__Records from a collection__:
* * *
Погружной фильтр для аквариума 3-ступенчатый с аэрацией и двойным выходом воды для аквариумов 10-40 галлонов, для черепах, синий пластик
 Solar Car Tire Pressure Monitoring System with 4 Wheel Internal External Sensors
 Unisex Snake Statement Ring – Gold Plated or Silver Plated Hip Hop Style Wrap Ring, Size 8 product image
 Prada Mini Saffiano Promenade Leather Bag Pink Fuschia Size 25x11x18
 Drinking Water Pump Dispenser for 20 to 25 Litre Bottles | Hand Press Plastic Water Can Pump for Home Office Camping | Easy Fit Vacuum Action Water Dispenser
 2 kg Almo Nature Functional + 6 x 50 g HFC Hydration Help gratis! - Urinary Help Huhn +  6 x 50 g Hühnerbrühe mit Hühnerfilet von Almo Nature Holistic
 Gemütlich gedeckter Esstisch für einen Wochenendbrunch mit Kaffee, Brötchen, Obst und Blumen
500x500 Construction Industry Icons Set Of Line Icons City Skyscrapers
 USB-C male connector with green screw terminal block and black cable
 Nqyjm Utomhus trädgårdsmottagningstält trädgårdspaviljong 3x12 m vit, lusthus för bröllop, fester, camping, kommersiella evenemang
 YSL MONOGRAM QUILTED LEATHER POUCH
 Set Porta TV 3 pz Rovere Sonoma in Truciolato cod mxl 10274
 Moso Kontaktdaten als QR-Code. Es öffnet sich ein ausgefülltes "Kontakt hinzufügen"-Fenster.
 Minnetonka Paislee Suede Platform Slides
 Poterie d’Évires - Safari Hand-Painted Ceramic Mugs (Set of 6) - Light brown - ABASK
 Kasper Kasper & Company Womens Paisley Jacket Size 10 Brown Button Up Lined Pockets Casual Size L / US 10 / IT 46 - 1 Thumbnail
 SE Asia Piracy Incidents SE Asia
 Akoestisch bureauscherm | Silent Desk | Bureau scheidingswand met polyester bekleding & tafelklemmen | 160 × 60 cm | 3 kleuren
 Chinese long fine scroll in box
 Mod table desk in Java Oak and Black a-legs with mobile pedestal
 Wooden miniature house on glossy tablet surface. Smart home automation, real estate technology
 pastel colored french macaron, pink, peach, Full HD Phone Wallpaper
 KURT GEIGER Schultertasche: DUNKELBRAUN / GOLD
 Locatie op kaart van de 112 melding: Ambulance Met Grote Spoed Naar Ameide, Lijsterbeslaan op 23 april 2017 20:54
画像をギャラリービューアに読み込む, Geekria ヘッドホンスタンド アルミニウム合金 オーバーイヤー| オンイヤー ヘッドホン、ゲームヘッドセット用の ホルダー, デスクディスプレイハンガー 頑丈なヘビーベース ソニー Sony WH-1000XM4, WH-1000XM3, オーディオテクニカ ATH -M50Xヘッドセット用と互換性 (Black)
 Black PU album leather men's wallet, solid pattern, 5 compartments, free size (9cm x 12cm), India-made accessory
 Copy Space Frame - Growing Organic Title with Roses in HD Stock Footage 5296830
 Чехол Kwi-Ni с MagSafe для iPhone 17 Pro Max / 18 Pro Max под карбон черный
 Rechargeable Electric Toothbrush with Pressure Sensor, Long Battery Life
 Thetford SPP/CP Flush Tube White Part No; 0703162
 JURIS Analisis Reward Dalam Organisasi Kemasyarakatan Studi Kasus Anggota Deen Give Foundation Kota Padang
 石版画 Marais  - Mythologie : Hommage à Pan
* * *
__EXERCISE AIM__: Would you write out all of the data again, unchanged?

__REPLY__:
Погружной фильтр для аквариума 3-ступенчатый с аэрацией и двойным выходом воды для аквариумов 10-40 галлонов, для черепах, синий пластик
 Solar Car Tire Pressure Monitoring System with 4 Wheel Internal External Sensors
 Unisex Snake Statement Ring – Gold Plated or Silver Plated Hip Hop Style Wrap Ring, Size 8 product image
 Prada Mini Saffiano Promenade Leather Bag Pink Fuschia Size 25x11x18
 Drinking Water Pump Dispenser for 20 to 25 Litre Bottles | Hand Press Plastic Water Can Pump for Home Office Camping | Easy Fit Vacuum Action Water Dispenser
 2 kg Almo Nature Functional + 6 x 50 g HFC Hydration Help gratis! - Urinary Help Huhn +  6 x 50 g Hühnerbrühe mit Hühnerfilet von Almo Nature Holistic
 Gemütlich gedeckter Esstisch für einen Wochenendbrunch mit Kaffee, Brötchen, Obst und Blumen
500x500 Construction Industry Icons Set Of Line Icons City Skyscrapers
 USB-C male connector with green screw terminal block and black cable
 Nqyjm Utomhus trädgårdsmottagningstält trädgårdspaviljong 3x12 m vit, lusthus för bröllop, fester, camping, kommersiella evenemang
 YSL MONOGRAM QUILTED LEATHER POUCH
 Set Porta TV 3 pz Rovere Sonoma in Truciolato cod mxl 10274
 Moso Kontaktdaten als QR-Code. Es öffnet sich ein ausgefülltes "Kontakt hinzufügen"-Fenster.
 Minnetonka Paislee Suede Platform Slides
 Poterie d’Évires - Safari Hand-Painted Ceramic Mugs (Set of 6) - Light brown - ABASK
 Kasper Kasper & Company Womens Paisley Jacket Size 10 Brown Button Up Lined Pockets Casual Size L / US 10 / IT 46 - 1 Thumbnail
 SE Asia Piracy Incidents SE Asia
 Akoestisch bureauscherm | Silent Desk | Bureau scheidingswand met polyester bekleding & tafelklemmen | 160 × 60 cm | 3 kleuren
 Chinese long fine scroll in box
 Mod table desk in Java Oak and Black a-legs with mobile pedestal
 Wooden miniature house on glossy tablet surface. Smart home automation, real estate technology
 pastel colored french macaron, pink, peach, Full HD Phone Wallpaper
 KURT GEIGER Schultertasche: DUNKELBRAUN / GOLD
 Locatie op kaart van de 112 melding: Ambulance Met Grote Spoed Naar Ameide, Lijsterbeslaan op 23 april 2017 20:54
画像をギャラリービューアに読み込む, Geekria ヘッドホンスタンド アルミニウム合金 オーバーイヤー| オンイヤー ヘッドホン、ゲームヘッドセット用の ホルダー, デスクディスプレイハンガー 頑丈なヘビーベース ソニー Sony WH-1000XM4, WH-1000XM3, オーディオテクニカ ATH -M50Xヘッドセット用と互換性 (Black)
 Black PU album leather men's wallet, solid pattern, 5 compartments, free size (9cm x 12cm), India-made accessory
 Copy Space Frame - Growing Organic Title with Roses in HD Stock Footage 5296830
 Чехол Kwi-Ni с MagSafe для iPhone 17 Pro Max / 18 Pro Max под карбон черный
 Rechargeable Electric Toothbrush with Pressure Sensor, Long Battery Life
 Thetford SPP/CP Flush Tube White Part No; 0703162
 JURIS Analisis Reward Dalam Organisasi Kemasyarakatan Studi Kasus Anggota Deen Give Foundation Kota Padang
 石版画 Marais  - Mythologie : Hommage à Pan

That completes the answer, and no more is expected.